Flagrantes impostures qui nous ramènent à cet imaginaire malicieux que nous cherchons à problématiser pour dénouer les fils de l'impuissance collective haïtienne. Pour cause, cet imaginaire malicieux est, selon les données contextuelles sur les postures de corps et d'esprit des groupes dominants haïtiens que nous avons modélisées, le fondement de l'insignifiance cognitive à la base de l'errance anthropologique haïtienne.
Il est donc manifeste que ces postures paradoxales ne sont pas que de simples impostures.

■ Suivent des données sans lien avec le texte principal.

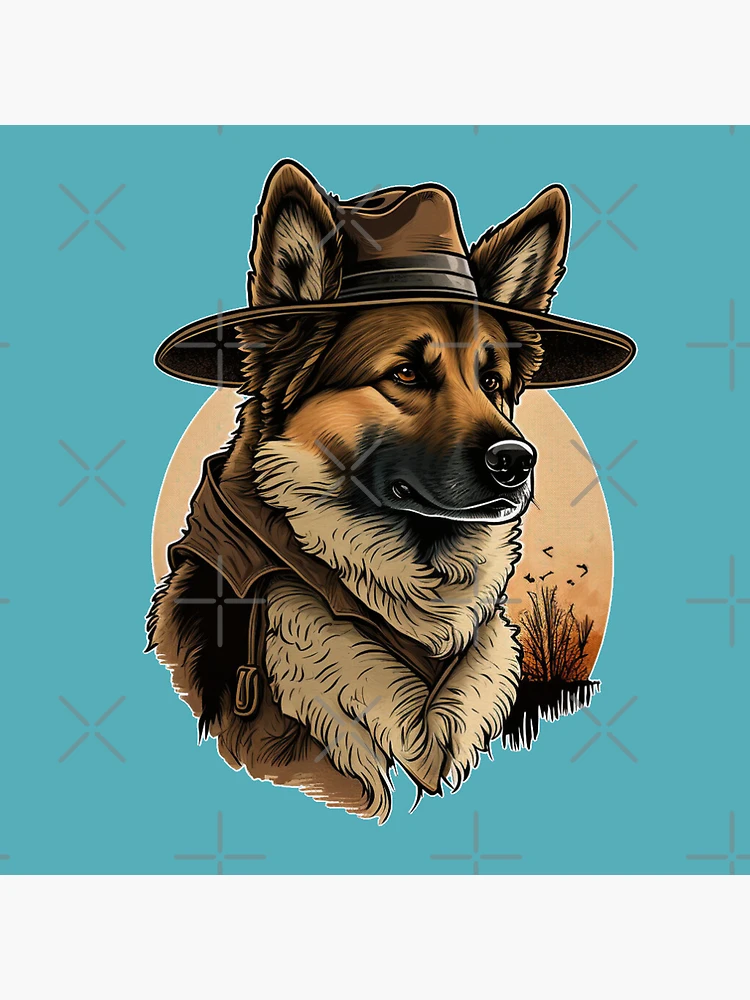 Hats for german shepherds hotsell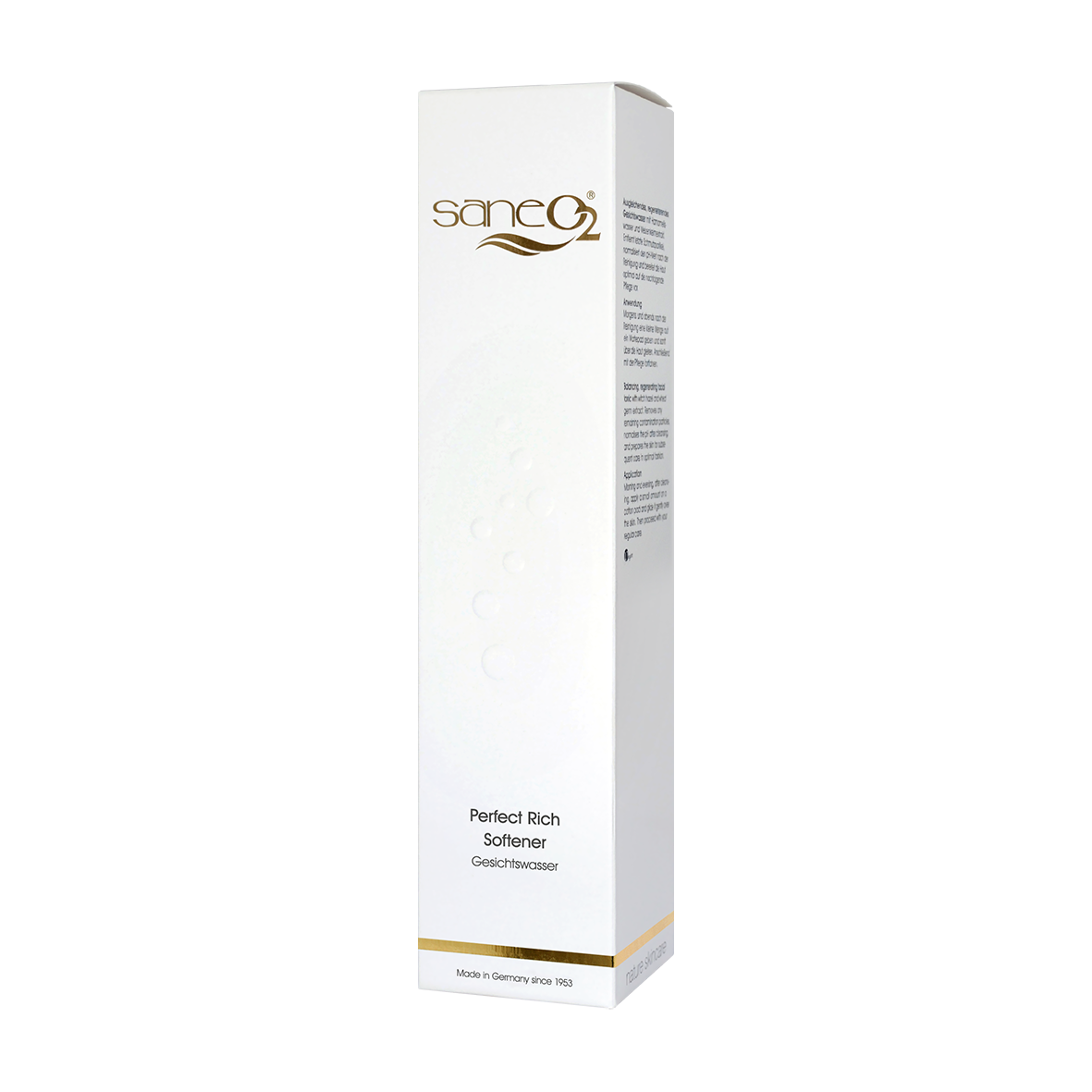 SaneO2® Perfect Rich Softener 200 ml - Reinigungstonikum
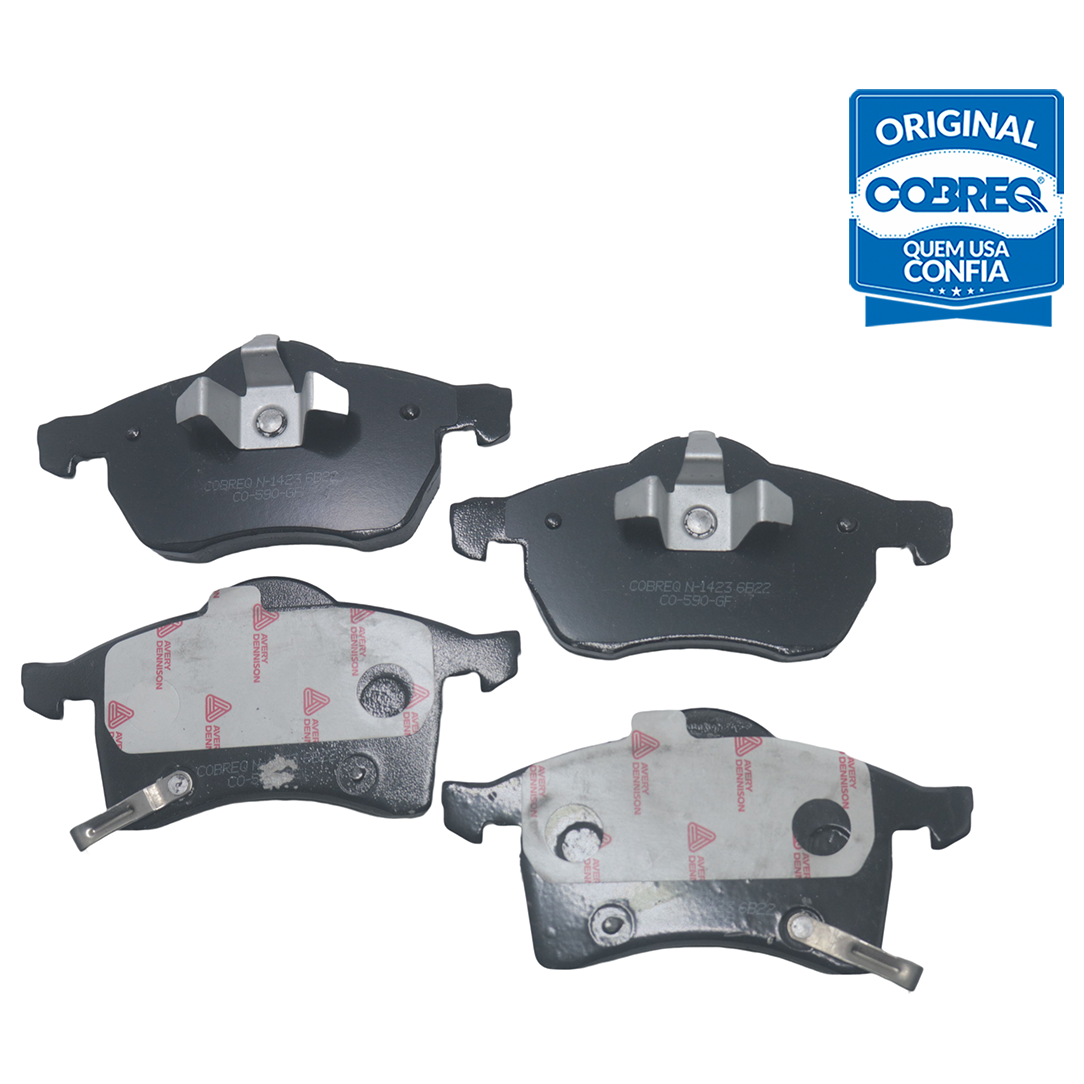Pastilha de Freio Dianteira para Troller T4 - Cobreq - N-1423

Elles mettent en relief un profond déracinement humain et un évidement terrifiant de la conscience, en ce qu'elles poussent à résilier tout devoir envers le lieu qui est la matrice nourricière de sa dignité et envers le collectif qui reflète, façonne et rend effective son humanité. Déformer ses postures et se métamorphoser indignement, en résiliant ses devoirs envers sa propre humanité, sont des manifestations d'un imaginaire déficient qui, plombé par les précarités de son environnement, ne cherche plus le sens des faits qu'il observe. Il consent à les subir, au prix d'une désensorialisation de sa propre vie. Dans cet imaginaire effondré par les précarités, on ne questionne pas, on ne problématise pas, on ne cherche pas à faire surgir une connaissance capable de transformer sa vision de son lieu d'enracinement pour l'innover à partir d'une régénération de ses postures. En conséquence, elles nous paraissent suffisamment pertinentes pour expliquer le vide stratégique et l'errance assumée avec lesquels le leadership (anti national, anti humain) haïtien aborde les enjeux de la gouvernance relatifs à l'avenir d'Haïti, en confiant la stratégie de toutes les institutions étatiques du pays aux fonctionnaires des agences internationales.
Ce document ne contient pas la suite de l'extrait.